Stored entries:
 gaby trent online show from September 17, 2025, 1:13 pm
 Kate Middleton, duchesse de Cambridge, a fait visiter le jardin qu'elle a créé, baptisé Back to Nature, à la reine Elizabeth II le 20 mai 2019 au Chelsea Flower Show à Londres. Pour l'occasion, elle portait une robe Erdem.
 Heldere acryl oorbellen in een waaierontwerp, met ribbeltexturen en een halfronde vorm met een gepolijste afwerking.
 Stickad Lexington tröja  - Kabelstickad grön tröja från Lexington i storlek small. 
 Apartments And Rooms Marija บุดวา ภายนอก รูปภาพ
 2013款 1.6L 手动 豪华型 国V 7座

- **Your goal**:
Using the data above, repeat every line exactly.

- **Exercise solution**:
 gaby trent online show from September 17, 2025, 1:13 pm
 Kate Middleton, duchesse de Cambridge, a fait visiter le jardin qu'elle a créé, baptisé Back to Nature, à la reine Elizabeth II le 20 mai 2019 au Chelsea Flower Show à Londres. Pour l'occasion, elle portait une robe Erdem.
 Heldere acryl oorbellen in een waaierontwerp, met ribbeltexturen en een halfronde vorm met een gepolijste afwerking.
 Stickad Lexington tröja  - Kabelstickad grön tröja från Lexington i storlek small. 
 Apartments And Rooms Marija บุดวา ภายนอก รูปภาพ
 2013款 1.6L 手动 豪华型 国V 7座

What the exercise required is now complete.